I tried ODAS so an X on that one as the quality is bad. In fact all beamforming is bad if there is not a mechanism to lock the beam.
This would likely be done via a KWS that can attain a target as you collate beamform info for the KW period and maintain that beamform until the command sentence stop.
Delay-sum is the simplest sort of beam and did an example if someone ever wants to tidy and optimise my 1st ever C/C++ hack.
Margin is the max TDOA which is dictated by mic distance (mm) divided by the factor of speed of sound (343 m/s) divided by sample rate 60mm mic spacing @ 48Khz = 60 / (343000/48000) = 8.39 so a int margin of 8 16Khz only gives 2.798 so of no use
/tmp/ds-out contains current TDOA so poll to set LEDs To monitor watch -n 0.1 cat /tmp/ds-out
To fix the beamformer write a file to /tmp/ds-in echo 1 > /tmp/ds-in sets beam to a delay of 1 Delete file to clear and use TDOA
You need some feed back so the KWS controls the beam and all that is currently sort of missing. That is why conference mics and speaker phone don’t work all that well with any dynamic noise as they are freefloating and beamforming to predominant input and have no target for the full command sentence.
I used Delay+Sum on a simple 2mic because the more advanced and more mics expotentially the computional needs rise.
There is MVDR / GSC and a whole rake of beamform algs that are only really suited to highspeed DSP.
So no to the Respeaker 6-mic and use there DSP with the USB version.
Speed of sound is 343ms so in mm 343,000mm divide that by your samples rate say 48Khz = 7.14mm for a single sample difference and really you don’t want to be going above 65mm approx due to aliasing.
But @ 71.45mm you get x10 samples diff to do your beamforming on and that is the only reason mems mics are beneficial as they hold really tight tolerances.
So no to beamforming as wow it takes some computational power and unless your Amazon and bake it into silcon its prob a big no, as often they are above 48Khz to garner bigger sample diff.
Also watching how Google proceeded they copied Amazon at the start and then thought hold on this beamforming ain’t that great anyway and dropped to x2 Mics to some sort of BSS instead (VoiceFilterLite) as likely in that 80/20 rule of how smartspeaker are a domestic consumer product the biggest noise problem is often very spatially unique from the voice command.
So likely they use a DUET type 2x channel BSS and maybe even run without AEC.
Out of the 2 Amazon are losing huge sums of money where Google for them not so much.
I have never found any Linux realtime code for 2 channel BSS and have been searching for a long time and it will take a DSP opensource guru than me.
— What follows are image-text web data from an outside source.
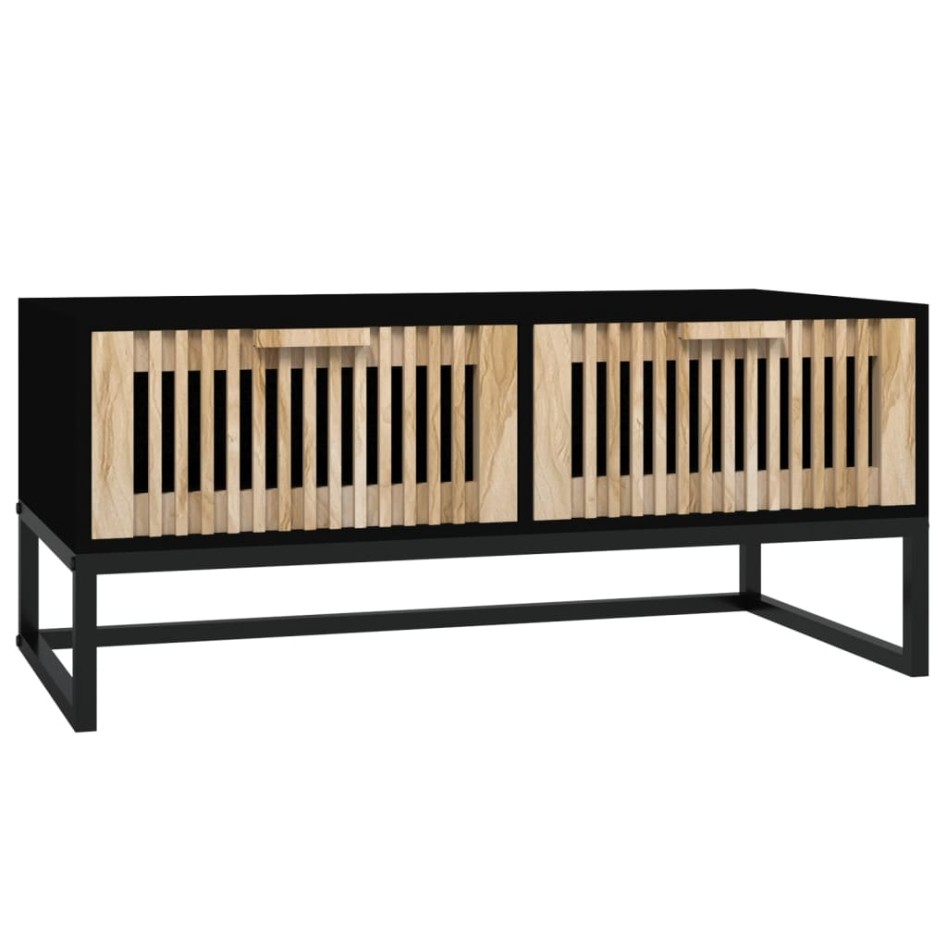 Mesa de centro hierro y madera contrachapada negro 80x40x35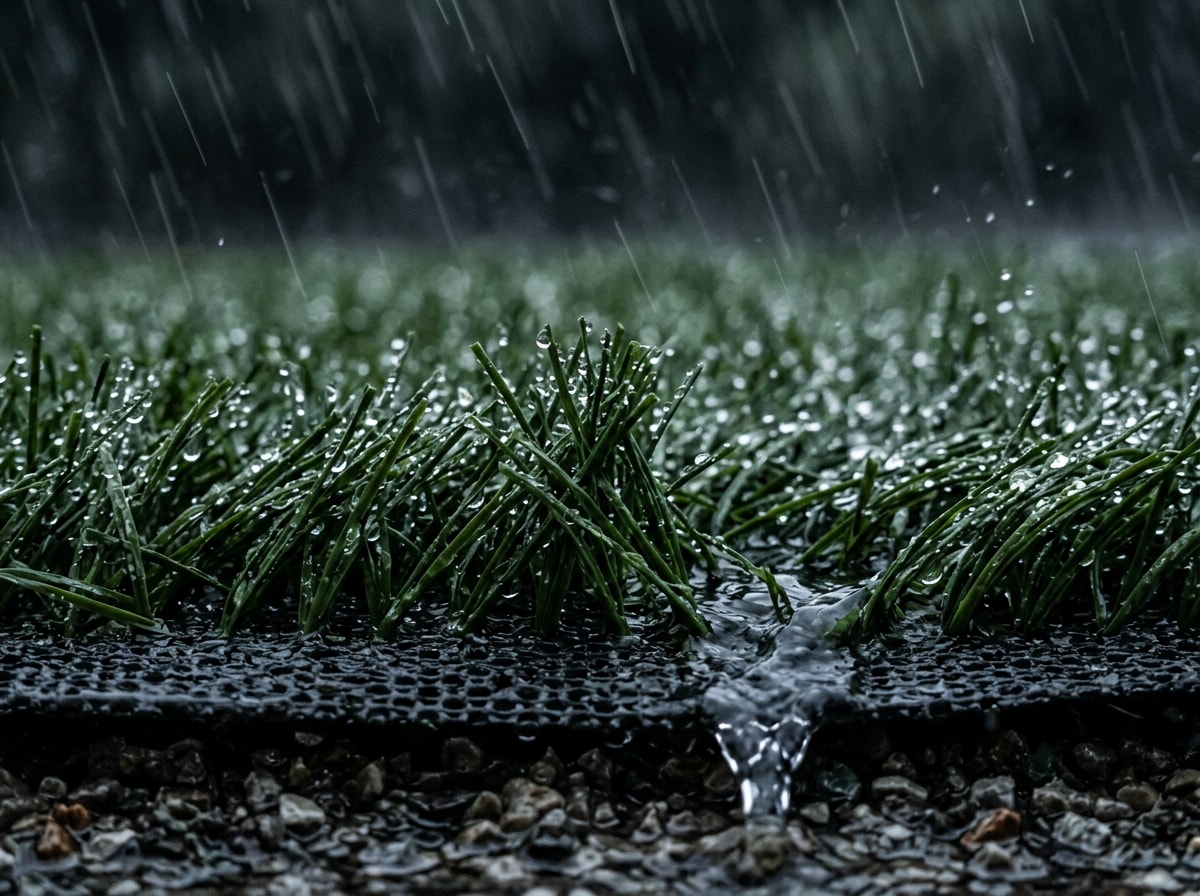 Rainwater draining through artificial turf and permeable backing during a North Florida storm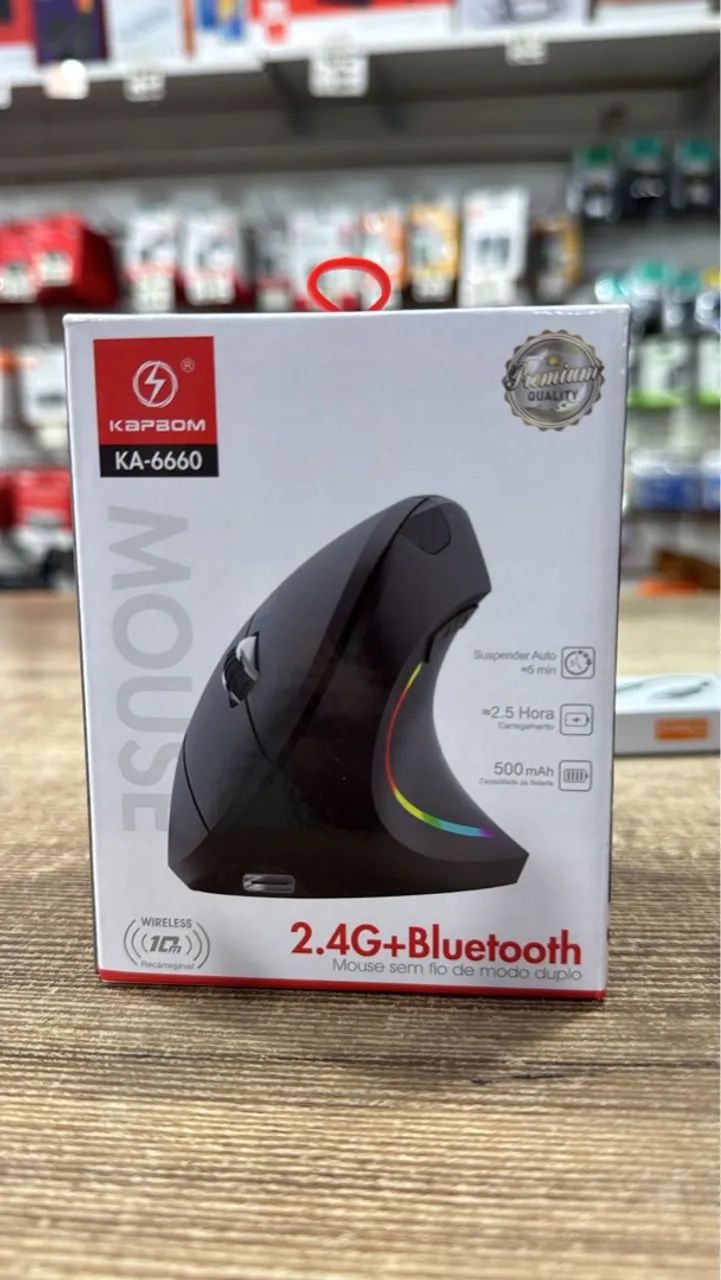 Mouse Vertical Ergonômico Gamer com LED RGB - Foto 4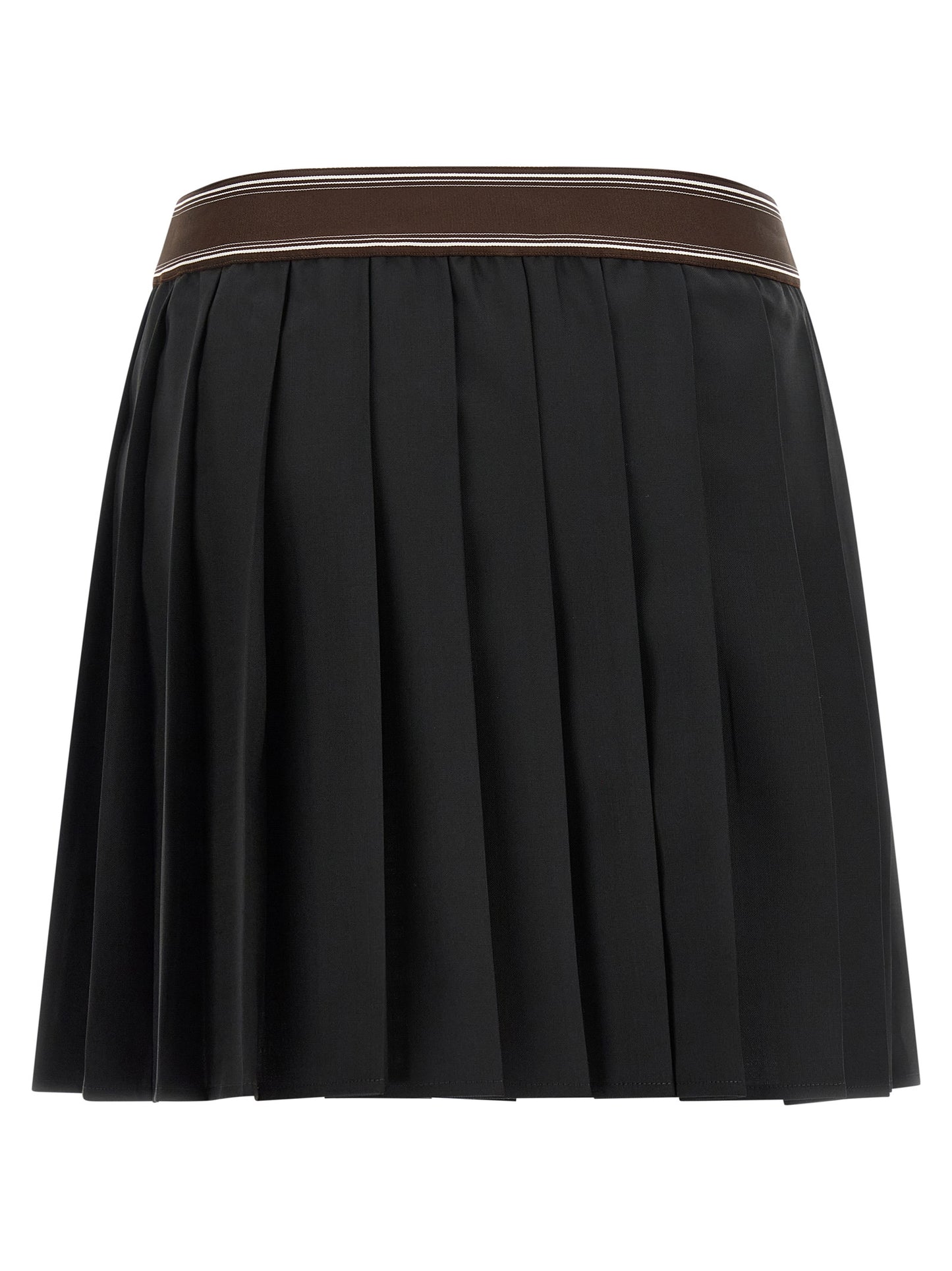 Skirt by Versace for women in mohair wool black, brown, white, jacquard & striped features an relaxed-yet-refined silhouette that elegantly showcases the Medusa Women's Pleated Mohair Wool Skirt design and sophisticated mini long.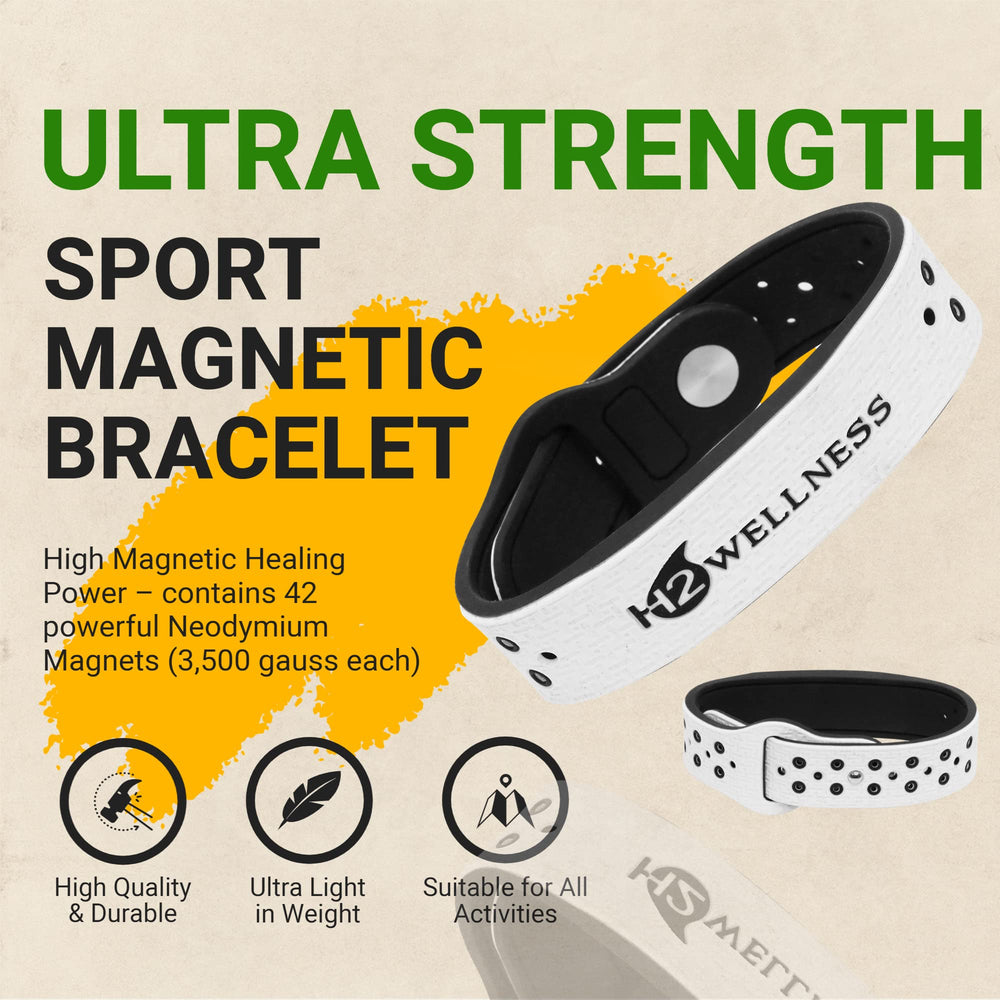 H2WELLNESS magnetic bracelet features waterproof, durable sport band for workouts and daily wear.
Esspressif do have a binary blob in there ADF
https://www.espressif.com/en/solutions/audio-solutions/esp-afe
Its any S3 and likely a ADC module and 2x Max9814 and a £7 Esp32-s3 like the T7-S3 – LILYGO® (Its so cute) could do the job and just use the esp-afe (audio front-end) and websockets libs (TCP).
I hate the term satelite as there is no such thing as in automation we deal with devices and the term satelite seems to assume a Mic system, Pixel indicator and audio out, whilst for me those are all seperate items allocated to a zone or subzone (assembly) but essentiall seperate devices.
ESP32-S3 Korvo far too expensive even the ESP32-S3-Box as what you should be able to do is position several mics in a zone so that pickup is always beneficial to any sources of noise.
Likely 2 or 4 mics aranged to benefit room setup where simple positional physics is cheaper and of higher quality than trying to source a voice command in a tsunami of noise.
On the esp32-S3 the BSS splits the signal into x2 spatially different signals and I have hunch that they run 2x KWS and the one with the hit uses that stream for that command sentance.
If you jetison all the dross off an ESP32-S3-Box as who needs a screen so small that to be able to see what it says you have to be close so its pointless using voice control as it might as well be a switch.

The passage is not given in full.